** Exercise **
Retype the opening lines of the listing below, ending with the line that contains "Bürgermeister Volker Oehlenschläger", and leave out any pictures.

Segment Start: Provided entries

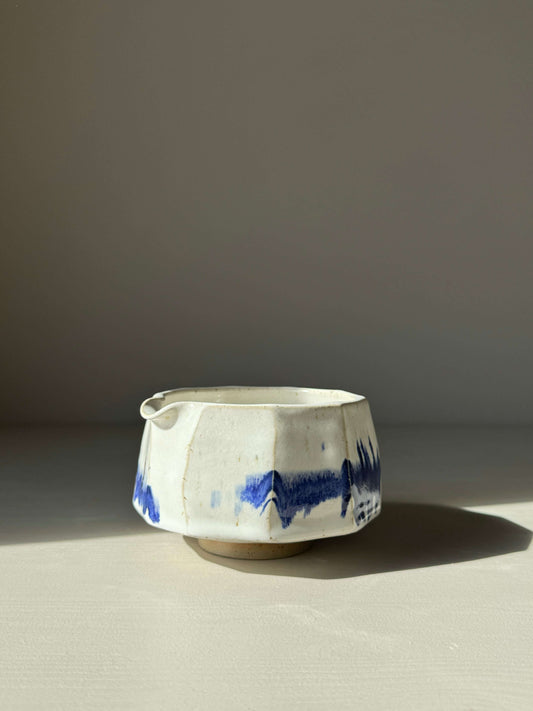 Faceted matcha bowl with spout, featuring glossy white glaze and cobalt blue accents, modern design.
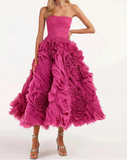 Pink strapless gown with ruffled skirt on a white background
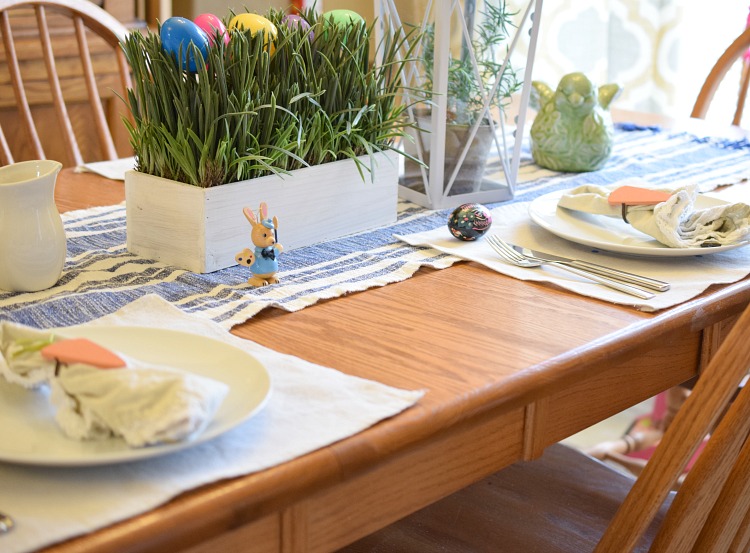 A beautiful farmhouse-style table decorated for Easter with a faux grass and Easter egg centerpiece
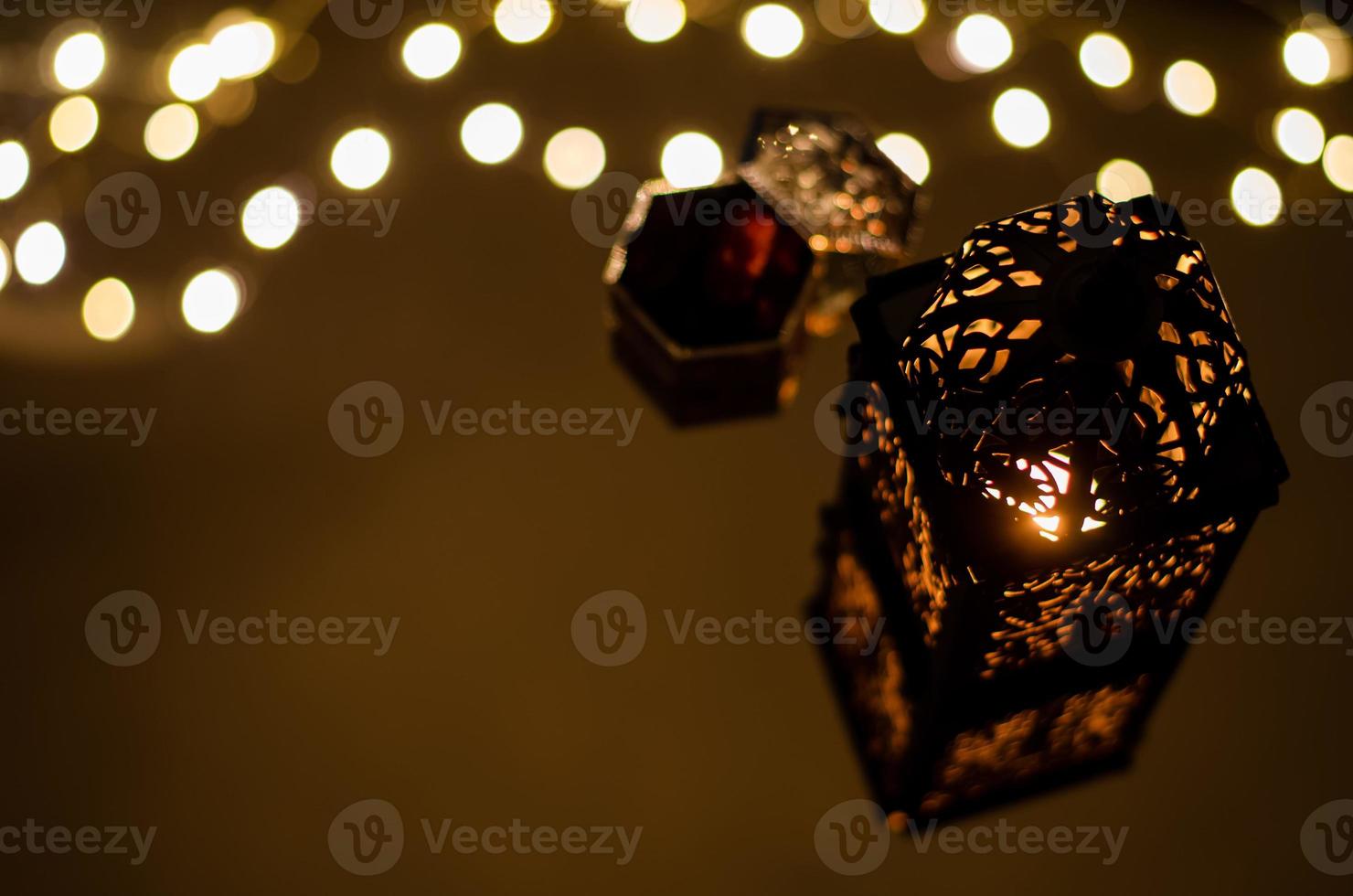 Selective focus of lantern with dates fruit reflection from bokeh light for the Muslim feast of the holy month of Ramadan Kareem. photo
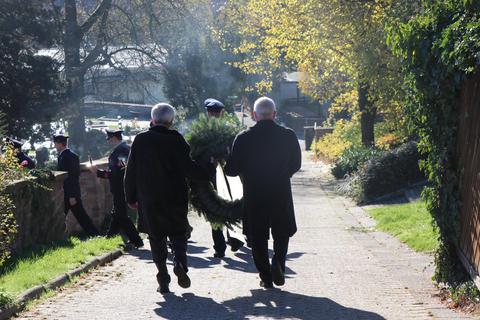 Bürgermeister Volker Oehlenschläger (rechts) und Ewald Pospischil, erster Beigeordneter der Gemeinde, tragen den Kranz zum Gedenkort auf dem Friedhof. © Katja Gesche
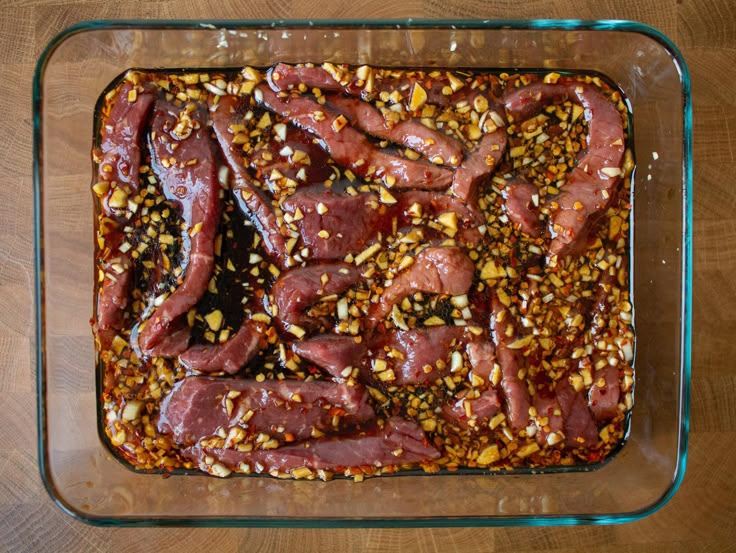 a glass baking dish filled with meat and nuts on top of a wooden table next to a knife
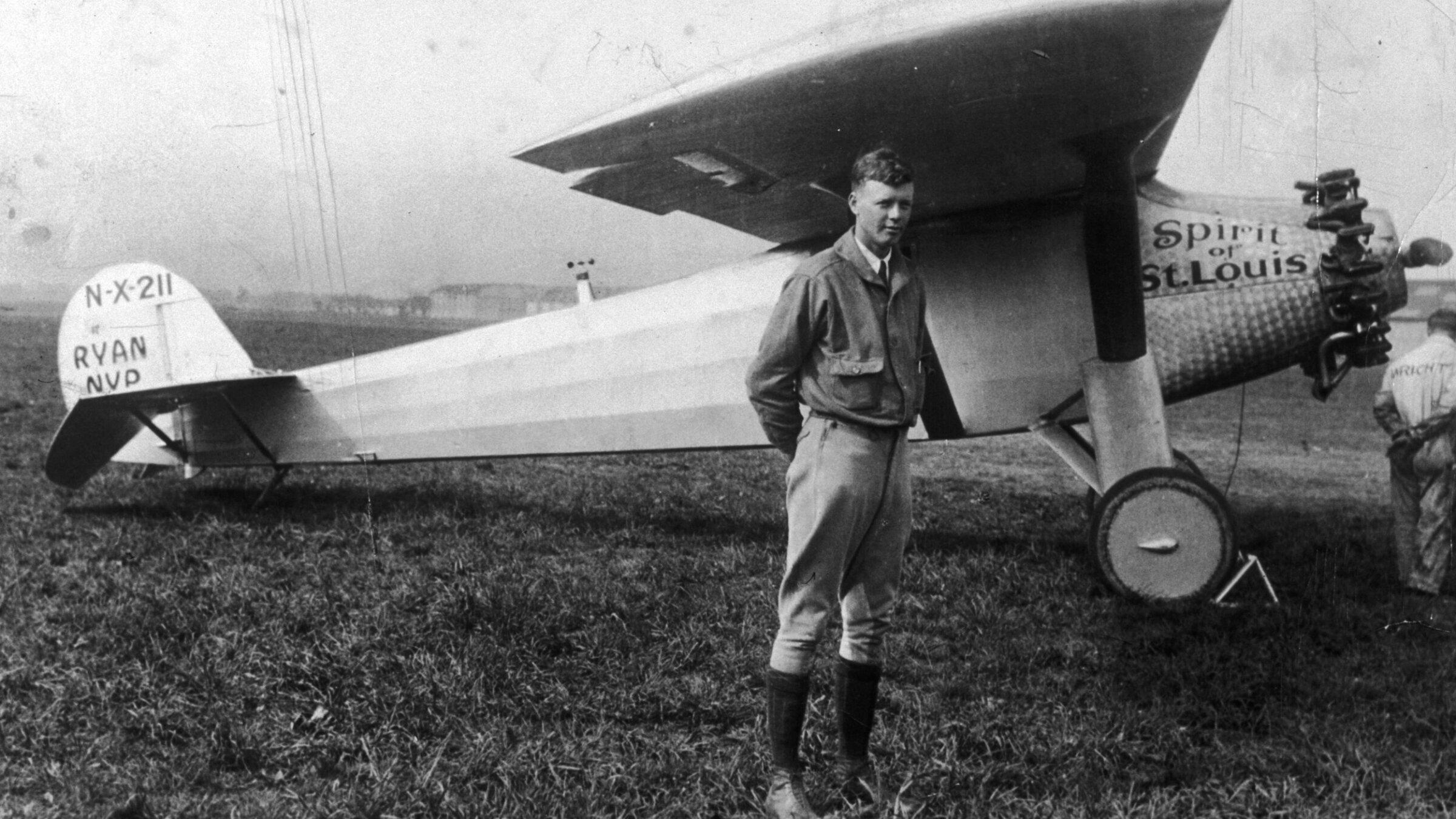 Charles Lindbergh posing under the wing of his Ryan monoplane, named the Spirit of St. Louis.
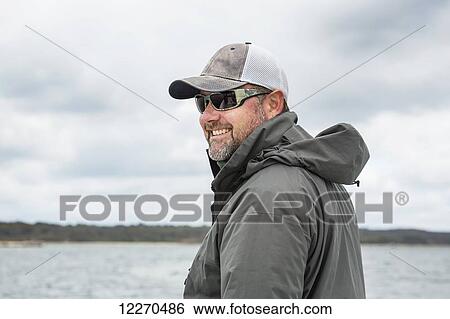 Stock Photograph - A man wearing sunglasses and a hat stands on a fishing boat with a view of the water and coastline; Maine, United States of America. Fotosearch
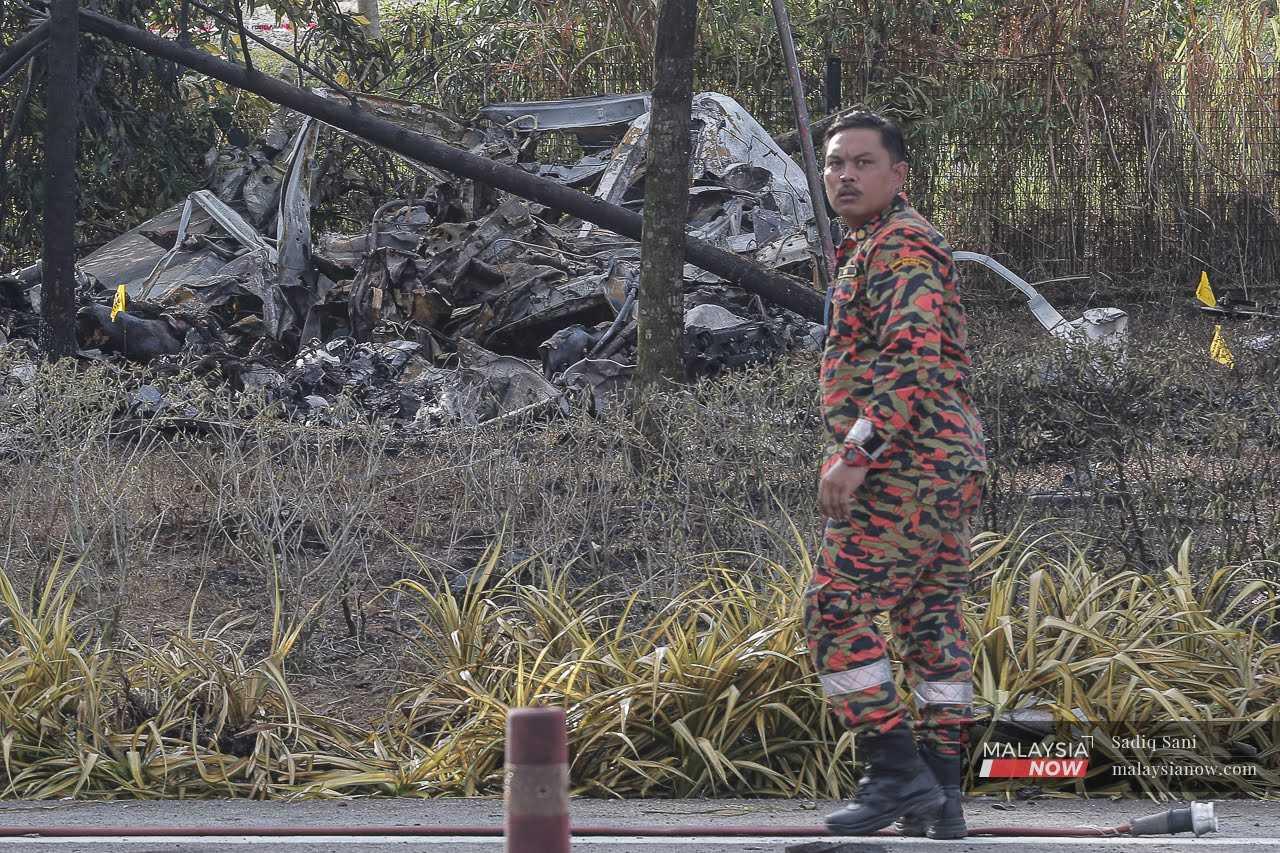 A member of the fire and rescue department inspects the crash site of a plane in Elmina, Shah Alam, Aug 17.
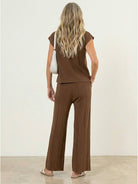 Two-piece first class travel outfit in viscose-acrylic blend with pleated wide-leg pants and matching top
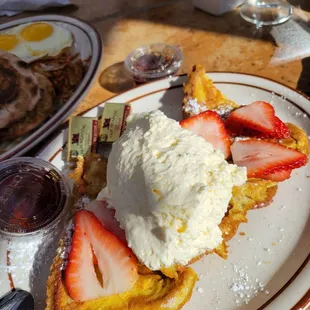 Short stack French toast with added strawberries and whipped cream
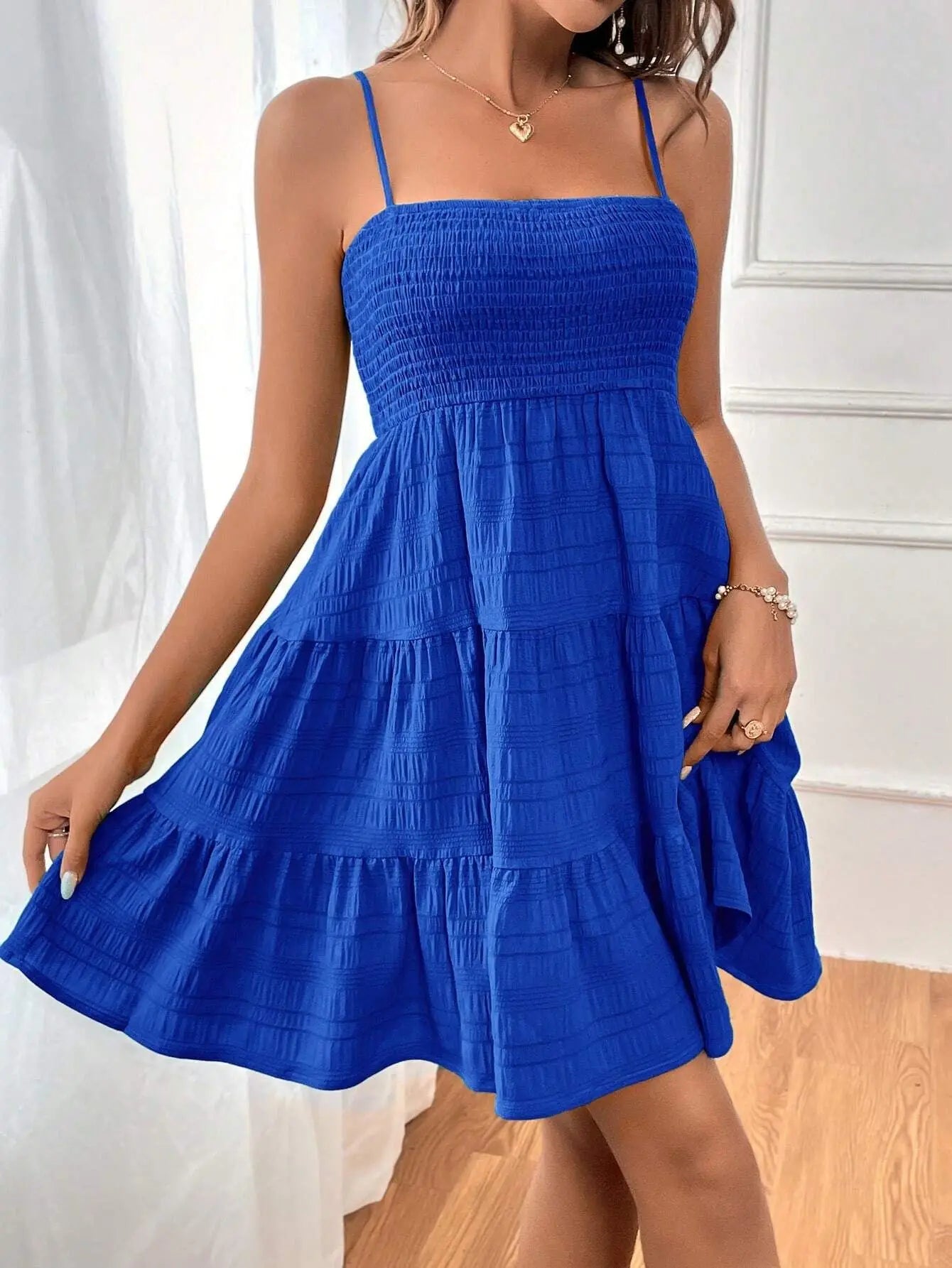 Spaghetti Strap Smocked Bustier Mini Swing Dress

Segment End: Provided entries

** Exercise output **
 Faceted matcha bowl with spout, featuring glossy white glaze and cobalt blue accents, modern design.
 Pink strapless gown with ruffled skirt on a white background
 A beautiful farmhouse-style table decorated for Easter with a faux grass and Easter egg centerpiece
 Selective focus of lantern with dates fruit reflection from bokeh light for the Muslim feast of the holy month of Ramadan Kareem. photo
 Bürgermeister Volker Oehlenschläger (rechts) und Ewald Pospischil, erster Beigeordneter der Gemeinde, tragen den Kranz zum Gedenkort auf dem Friedhof. © Katja Gesche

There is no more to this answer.